In essence, the constantly evolving cyberspace realm in Kenya has equally robust laws that are also constantly evolving to meet the changing internet. The unavoidable increase in relations between the ordinary Kenyan wananchi and the internet also makes them coming into contact with the law on the internet and its enforcers inevitable. Ignorance on the law and the internet would likely result in very undesirable consequences.

[i]Anne Kim, 'Generation COVID: Record Numbers of Youth Opt Out of College, Work', 28 September 22.

[ii]International Labor Organization, 'The Next Normal: The Changing Workplace in Africa', 2022.

[iii]International Crisis Group, 'A Triumph for Kenya's Democracy', 08 September 2022.

[iv]Constitution of Kenya (2010), Article 33.

[v]Constitution of Kenya (2010), Article 35

[vi]Constitution of Kenya (2010), Article 32.

[vii] Internationally Covenant on Civil and Political Rights, Treaty Series, Vol 999, p. 171, Article 19.

[viii] The Kenya Information and Communications Act (No 2 of 1998)

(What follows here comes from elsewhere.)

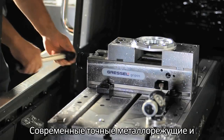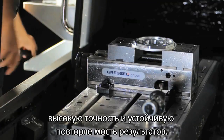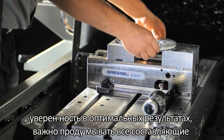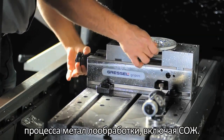Modern precision machine tools and grinders are built to give reliability, high accuracy and consistent repeatability. To get the most from your machine and to ensure optimum results, it's important to consider all components in the metal cutting process, including the metalworking fluid.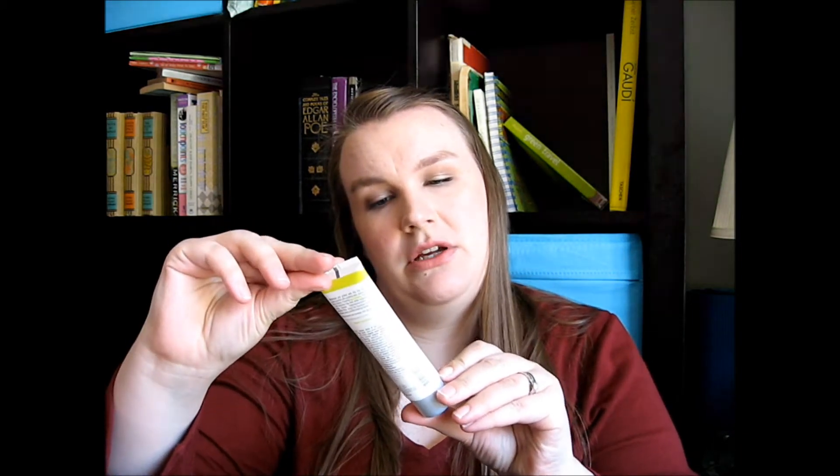Juice Beauty Green Apple Hand Cream — that was in one of my Citrus Lane boxes recently. Ella's Kitchen — we still do purees every once in a while if I don't have a proper meal on the go. Jack just snuck in my regular treat — that's a Larabar. I love Larabars; if you've never had one, get one.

[ix] The Data Protection Act (No 24 of 2019)

[x] Kenya Computer Misuse and Cybercrimes Act (No. 5 of 2018).

[xi] National Cohesion and Integration Act (No 12 of 2008), Section13.

[xii]Kenya Information and Communication Act (No 2 of 1998),Section 29.

[xiii]Gareth van Zyl, 'Kenyan tech blogger released on bail', ItWeb Africa, 22 Aug 2012. - <https://itweb.africa/content/mYZRXM9Pnoo7OgA8 >-accessed on 6 October 2022.

[xiv] Computer Misuse and Cybercrimes Act (No 5 of 2018), Section 14.

[xv] Computer Misuse and Cybercrimes Act (No 5 of 2018), Section 20.

[xvi] Oxford Languages, Definition of Phishing, < Oxford Languages | The Home of Language Data (oup.com)>accessed on 30 January 2023

[xvii] Computer Misuse and Cybercrimes Act (No 5 of 2018), Section 30.